Die Aufgaben des vereinfachend auch nur als „Sozialausschuss“ bezeichneten Gremiums sind soziale Belange, die für das kommunale gesellschaftliche Leben wichtig sind und zum Aufgabenbereich der Kommune gehören. Ein wichtiger Bereich ist die vorschulische Kinderbetreuung in den Kindertagesstätten, die die Kommune im gesetzlichen Rahmen zu gewährleisten hat.

Bau-, Planungs- und Umweltausschuss (BPA)

Hierunter fallen sämtliche kommunalen Planungs- und Baumaßnahmen im Hoch- und im Tiefbau ebenso wie Bau, Wartung und Sanierung der kommunalen Straßen sowie der gesamten baulichen Infrastruktur.
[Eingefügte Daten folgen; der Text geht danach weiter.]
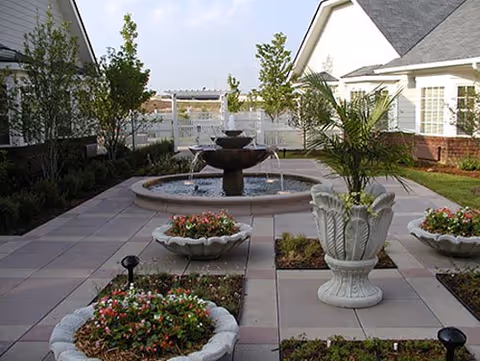 Outdoor courtyard area with a central multi-tiered water fountain surrounded by potted plants and flower beds. The courtyard is paved with large square tiles and bordered by white buildings and a white fence in the background.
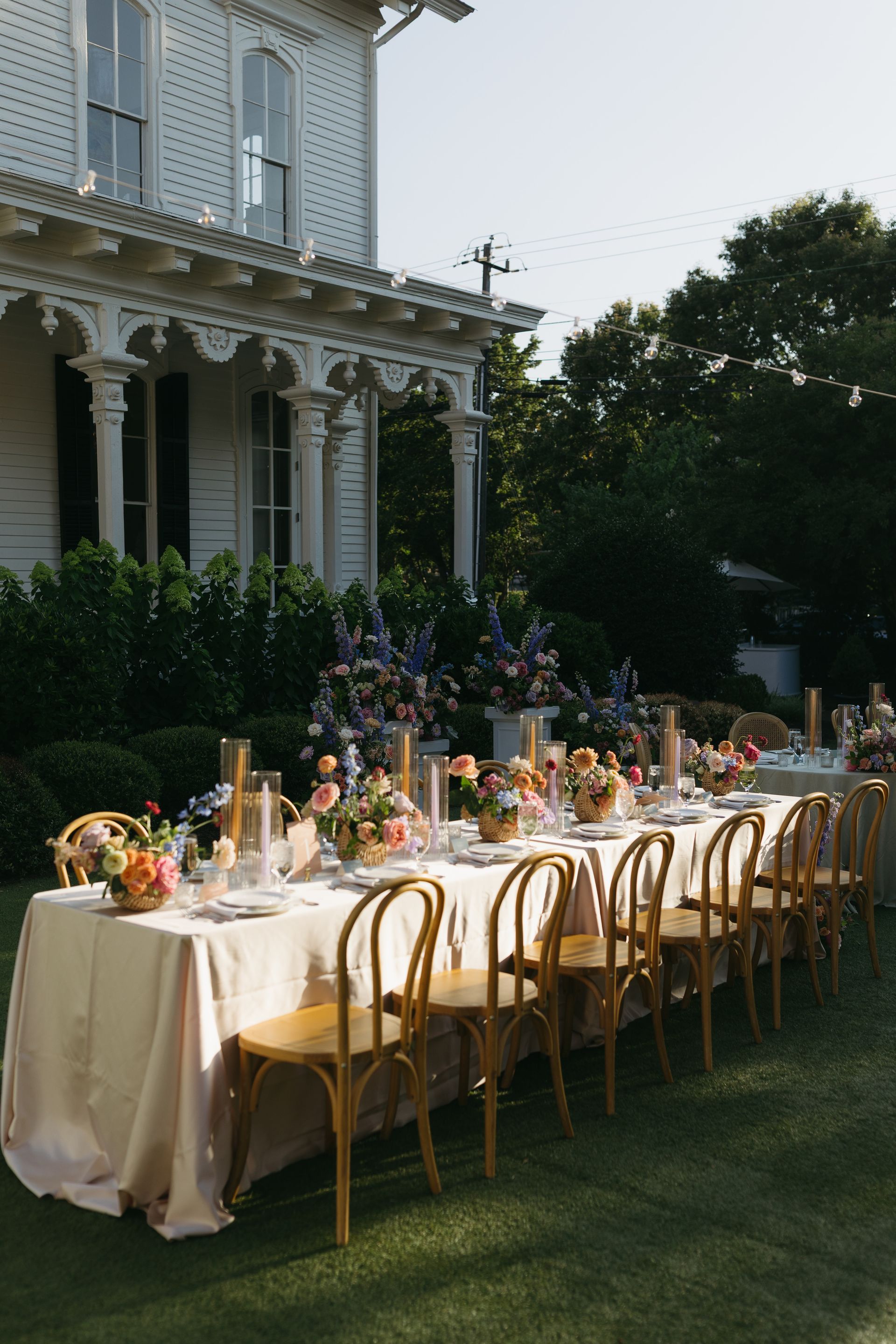 A long dining table set for an outdoor event on a lawn in front of a white historic house with a large porch.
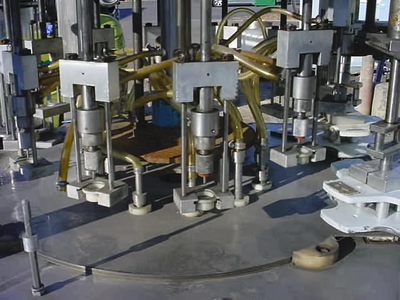 USED 12 HEAD ROTARY VACUUM FILLER 12 HEAD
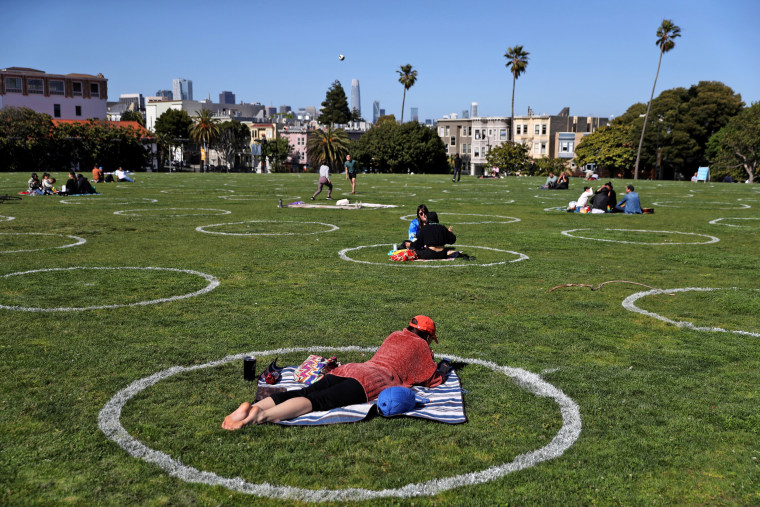 Image: Mission Dolores Park In San Francisco Encourages Social Distancing With Marked Circles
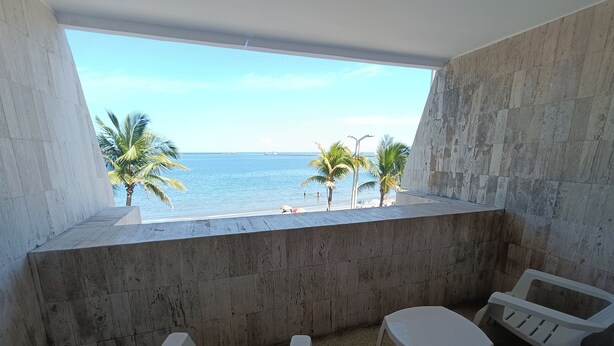 A balcony with a view of the sea, two white plastic chairs, and a small table. - Hotel Royalty (Veracruz)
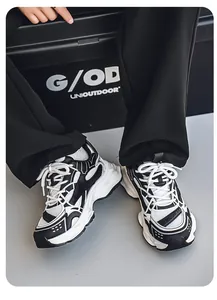 Close-up of black and white chunky dad sneakers with mesh and synthetic overlays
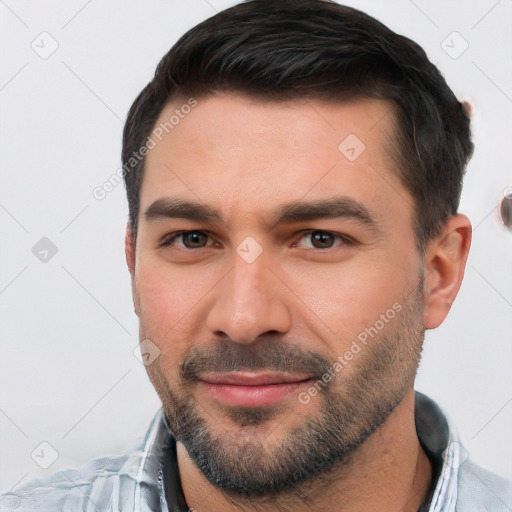 Joyful white young-adult male with short  black hair and brown eyes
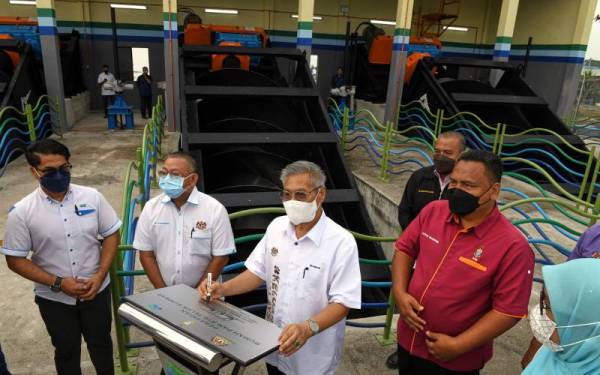 Mansor (tiga dari kiri) menandatangi plak perasmian Rumah Pam dan Jambatan JKR, Projek Tebatan Banjir Teluk Kumbar, Daerah Barat Daya hari ini.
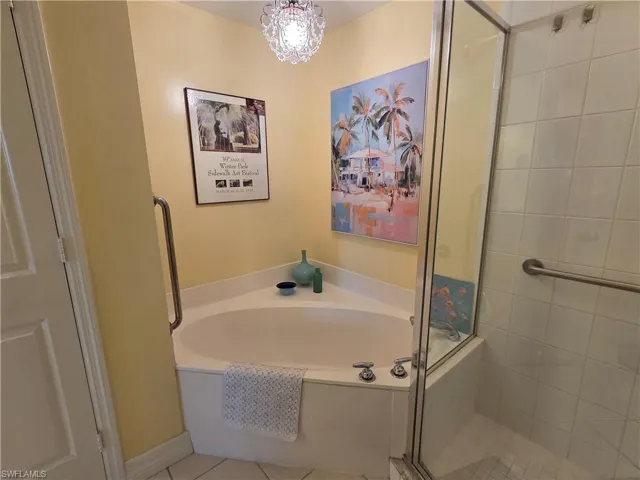 Bathroom featuring a corner soaking tub with deck-mounted fixtures, a glass-enclosed shower with white tiled walls, a crystal chandelier, and grab bars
Ortsentwicklung, Verkehrskonzepte sowie Aspekte des Umweltschutzes wie auch der Erneuerbaren Energie gehören in diesen Bereich.

Gemeindevorstand

Der Gemeindevorstand setzt sich zusammen aus dem Bürgermeister als Vorsitzenden, dem/der Ersten Beigeordneten und den weiteren Beigeordneten zusammen. Vertreter/in im Falle der Verhinderung des Bürgermeisters/ der Bürgermeisterin ist der/die Erste Beigeordnete/r.

Mit Ausnahme des/der hauptamtlichen Bürgermeister/in werden die Mitglieder des Gemeindevorstands in der konstituierenden, d. h. der ersten Sitzung der Gemeindevertretung, gewählt. Die Amtszeit des Gemeindevorstandes der vorhergehenden Wahlperiode endet erst mit der Wahl des neuen Gemeindevorstandes (HGO: „Weiterführung der Amtsgeschäfte“). Die Zusammensetzung erfolgt entsprechend dem aus den Wahlen resultierenden Proporz der Fraktionen.

Alle Mitglieder des Gemeindevorstandes in Münster sind ehrenamtlich. Einzige Ausnahme ist der/die hauptamtliche Bürgermeister/in.

Der Gemeindevorstand wickelt nach der HGO die Geschäfte der Verwaltung entsprechend den Vorgaben der Gemeindevertretung „im Rahmen der zur Verfügung stehenden Mittel“ ab. Auch der Gemeindevorstand diskutiert und stimmt über Beschlussvorlagen ab. Bei Stimmengleichheit entscheidet das Votum des/der Bürgermeisters/meisterin.

Der Gemeindevorstand tagt in Münster wöchentlich.

Kommissionen

Der Gemeindevorstand kann zur Beratung bestimmter Themen und Aufgaben Kommissionen einberufen. Die Bandbreite der Kompetenzen geht von der einfachen Beratung durch die Kommission bis zu deren Beauftragung der dauernden Verwaltung oder Beaufsichtigung einzelner Geschäftsbereiche sowie zur Erledigung vorübergehender Aufträge. Mitglieder von Kommissionen sind der/die Bürgermeister/in als Vorsitzende/m, Mitglieder des Gemeindevorstandes und der Gemeindevertretung und in der Regel sachkundige Einwohner/innen.

Die Sitzungen von Kommissionen sind nicht öffentlich.